** Records to process follows **

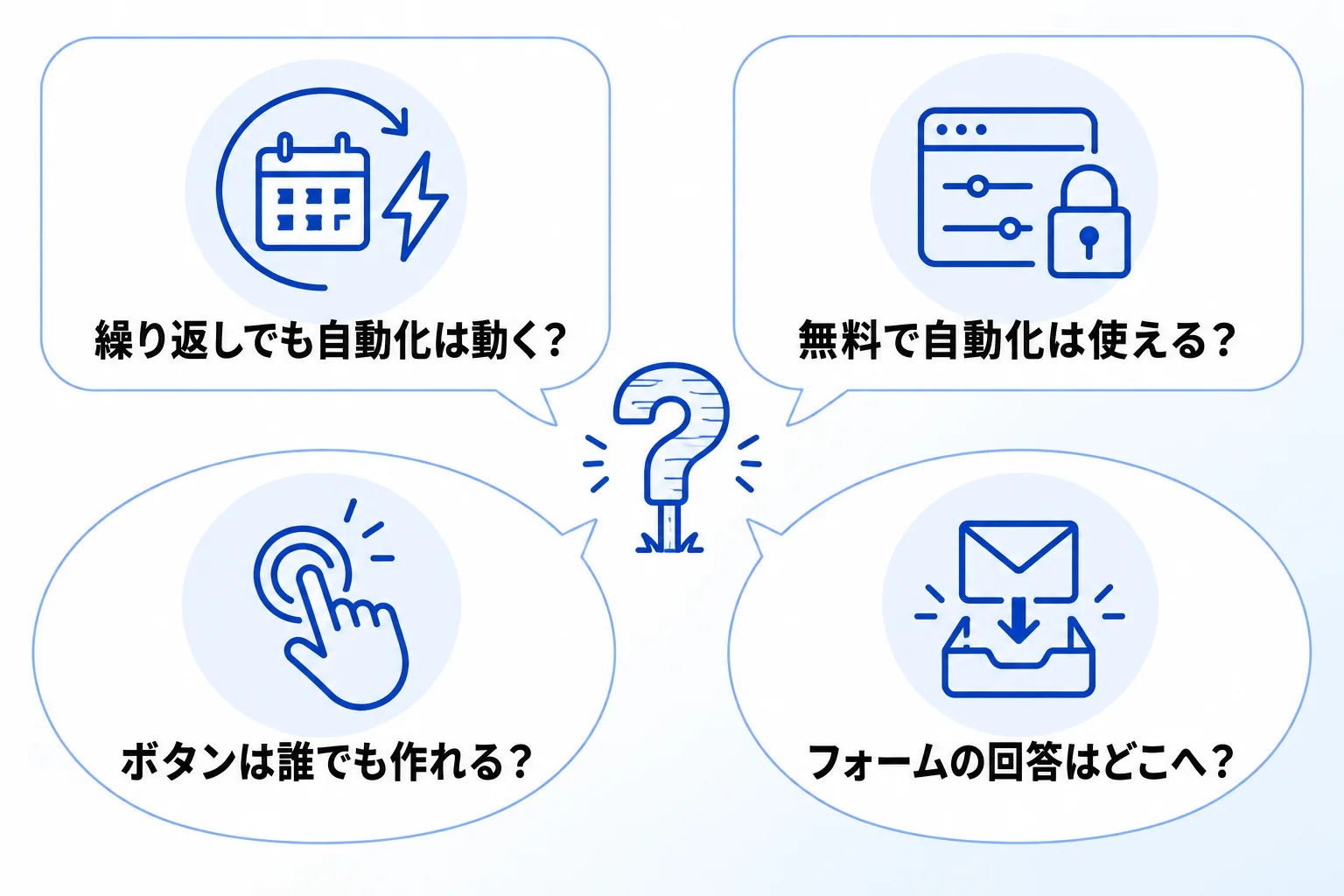 Notionのテンプレートの作り方に関するよくある質問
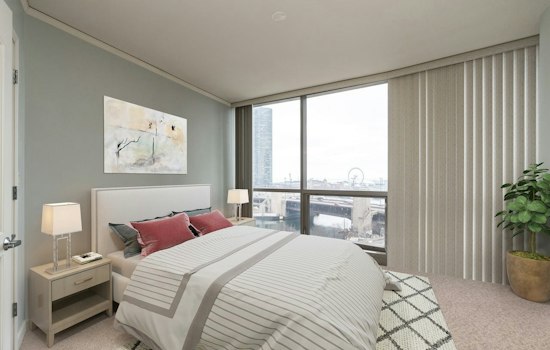 What will $2,500 rent you in Chicago, today?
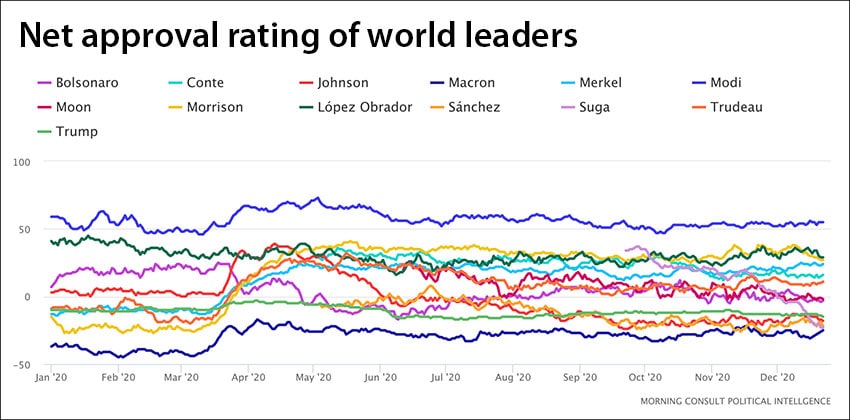 The president's rating is in green on the global leaders rating tracker. 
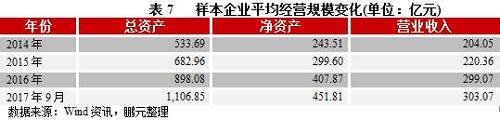 從資產(chǎn)結(jié)構(gòu)上看，存貨及應(yīng)收款項(xiàng)為園林企業(yè)的主要資產(chǎn)，其中，存貨主要系原材料及工程施工，應(yīng)收款項(xiàng)主要系應(yīng)收工程款。由于園林施工項(xiàng)目周期長(zhǎng)，且結(jié)算多采用建筑施工合同，按項(xiàng)目進(jìn)度結(jié)算，故墊資規(guī)模大、資金回收較慢，存貨及應(yīng)收款項(xiàng)規(guī)模較大。2014年以來(lái)，隨著資產(chǎn)及業(yè)務(wù)規(guī)模的增長(zhǎng)，園林企業(yè)的應(yīng)收款項(xiàng)及產(chǎn)成品存貨規(guī)模保持增長(zhǎng)趨勢(shì)，資產(chǎn)結(jié)構(gòu)保持穩(wěn)定，但需關(guān)注存貨減值及壞賬風(fēng)險(xiǎn)。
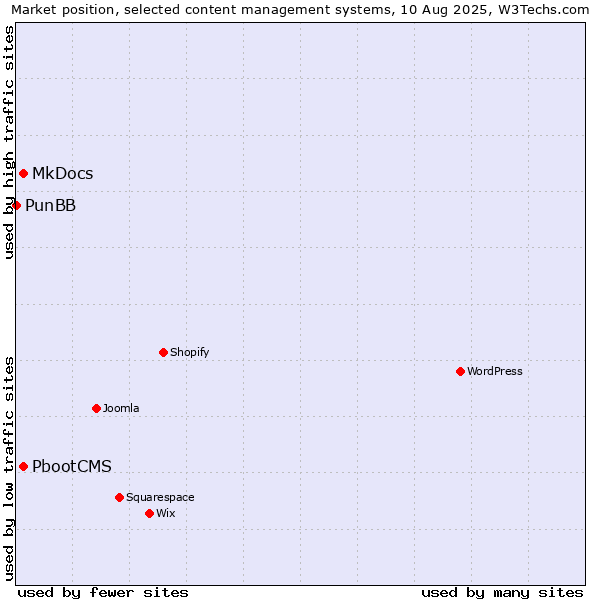 Market position of MkDocs vs. PbootCMS vs. PunBB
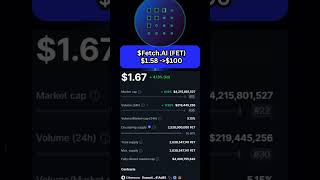 These Crypto AI Coins could make us rich in this Bull Runturbo fetch tao [upl. by Lody]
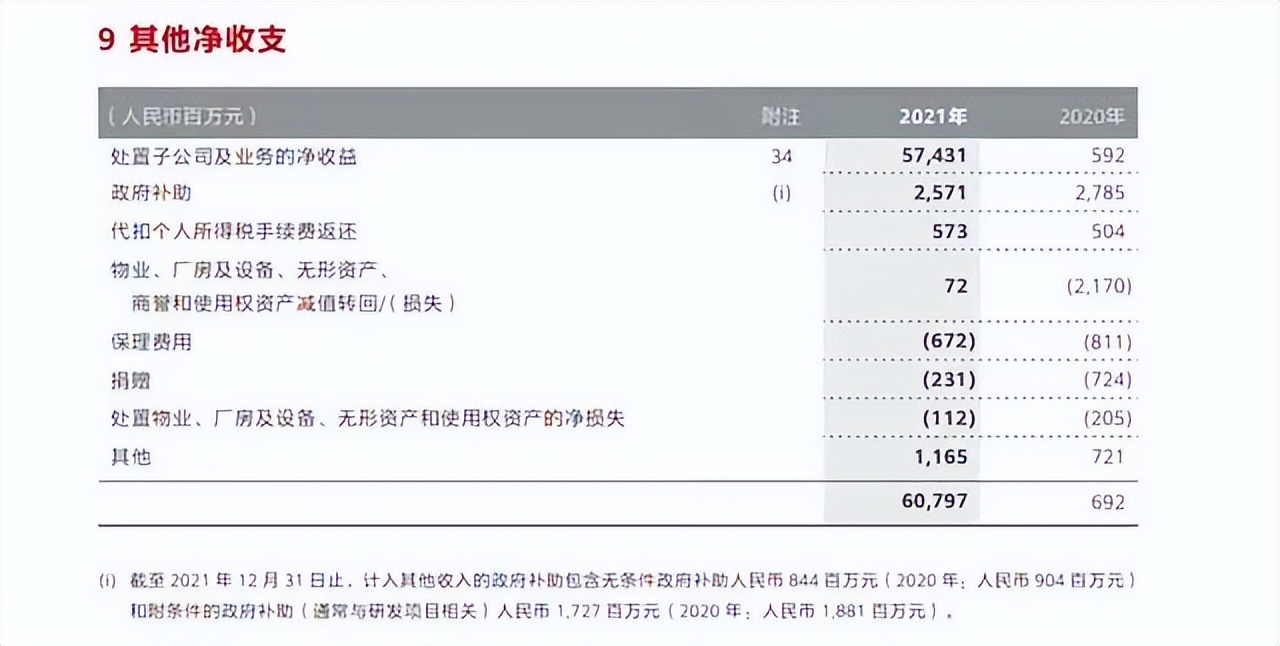惊艳亮相发布会,秒升轮值董事长!孟晚舟会成华为最强接班人吗? 惊艳亮相发布会,秒升轮值董事长!孟晚舟会成华为最强接班人吗?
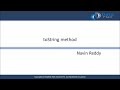 Java toString Method
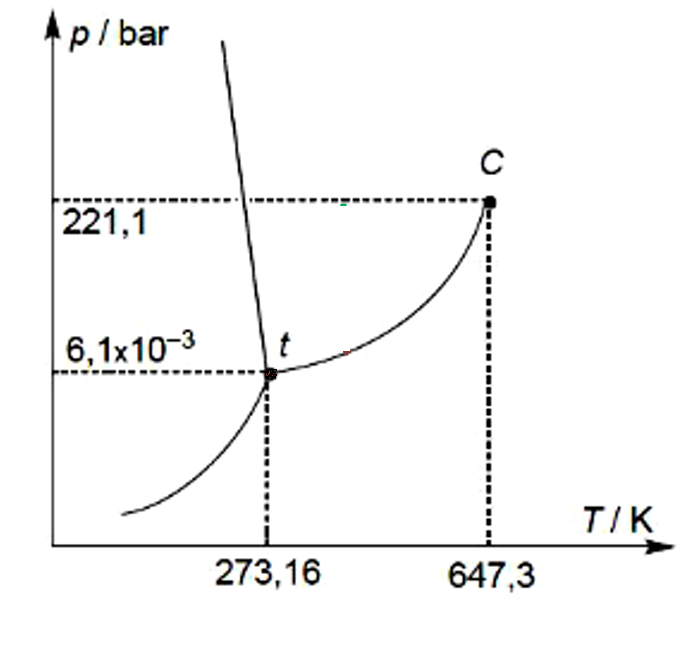 ANALOGIE PÉNICHE-CHEVAL/ TRIANGLE DES PUISSANCES avec haleur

** End of Records to process **

After dropping the pictures, reproduce exactly the lines from the first line of the entries through the line containing "The president's rating", both included.

Solution.
 Notionのテンプレートの作り方に関するよくある質問
 What will $2,500 rent you in Chicago, today?
 The president's rating is in green on the global leaders rating tracker. 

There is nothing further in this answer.